Toutes ces questions sont fort importantes et intéressantes.
Nous avons essayé d'être très pragmatiques et de choisir des sujets qui n'étaient pas trop généraux – qui trop embrasse mal étreint. C'est ce qui nous a conduits à écarter le recyclage « en général » – celui des métaux est déjà un sujet très vaste ! En second lieu, il existe déjà des politiques des énergies renouvelables et du logement, et répéter ce qui se fait n'aurait rien apporté. Enfin, nous avons voulu privilégier des projets susceptibles de créer des emplois et de contribuer à nos exportations ; or, si l'équipement en énergies renouvelables satisfait à la première de ces exigences, c'est moins le cas du développement même de ces nouvelles sources d'énergie. J'ai d'ailleurs appelé pour ma part à la création d'un acteur européen, un « Airbus des énergies renouvelables » qui pourrait concurrencer les acteurs asiatiques et américains. Mais ne nous racontons pas d'histoires : on ne voit pas aujourd'hui dans ce domaine-là d'acteur français susceptible de devenir un géant mondial.
Monsieur Suguenot, l'innovation, c'est tout de suite ! Les concours seront ouverts dès cette année. Quant au principe de précaution, il est inscrit dans la Constitution et il serait difficile de le faire évoluer. Mais nous proposons de mettre en face le principe d'innovation : c'est par l'expérimentation et par la prise de risque – acceptée, discutée – que l'on avance. Souvent, nous aimons les jardins à la française, ordonnés suivant un seul principe ; ici, il paraît plus efficace de chercher un équilibre dynamique entre ces deux principes, comme le fait la culture chinoise entre le yin et le yang…

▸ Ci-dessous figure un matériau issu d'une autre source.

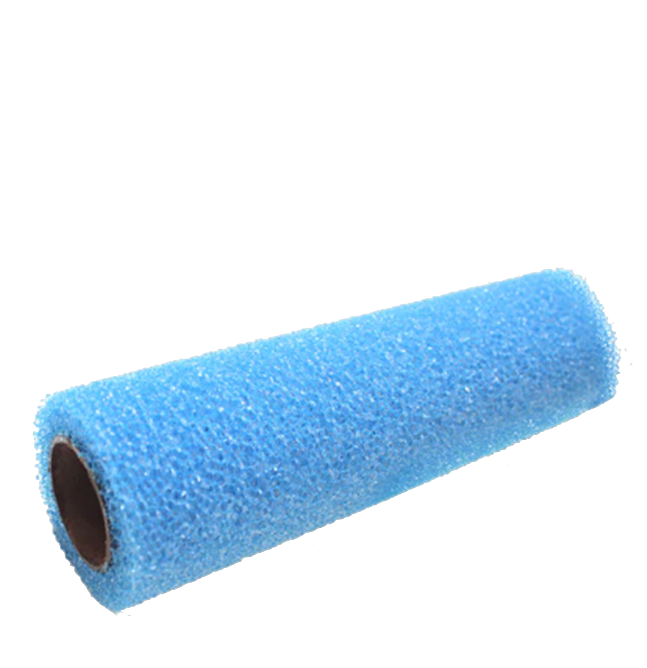 Textured roller for Deck Armor 2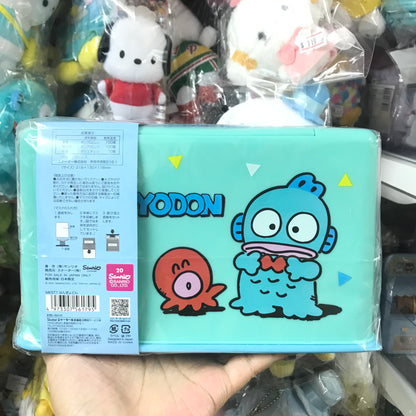 Hangyodon 口罩盒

Produits ou services ? Vous avez raison, il s'agit là de l'une de ces querelles byzantines que la France adore, mais qui sont complètement dépassées. Deux économistes viennent d'écrire un pamphlet selon lequel il serait absurde de réindustrialiser : je crois au contraire qu'il faut absolument réindustrialiser notre pays, que c'est là que réside une partie de notre avenir, mais qu'il faut aussi développer les services ; cela ne s'oppose pas, bien au contraire. J'ajoute que l'innovation n'est pas seulement technologique : elle est aussi culturelle, sociale… L'innovation est enfant de bohème !
J'en viens à la question de nos outils. La commission deviendra le comité de pilotage, mais tout se fera au sein du Commissariat général à l'investissement. En effet, nous ne voulons surtout pas créer de nouvelle structure, car nous considérons qu'il y en a déjà bien assez ! Nous ne coûtons rien ; nous n'avons pas de locaux propres et nous utilisons Bpifrance. Pour le tri des projets, nous travaillons à mettre au point des critères et nous ferons également appel à des experts de chaque domaine. Nous voulons surtout éviter la bureaucratisation.
Pour faciliter l'exploitation des données massives, nous avons effectivement repris l'idée de créer un « centre de ressources technologiques », mais ce serait un dispositif souple, à mettre en place avec les auteurs du rapport remis sur le sujet. Nous sommes, je le répète, tout à fait opposés à la création de nouvelles structures.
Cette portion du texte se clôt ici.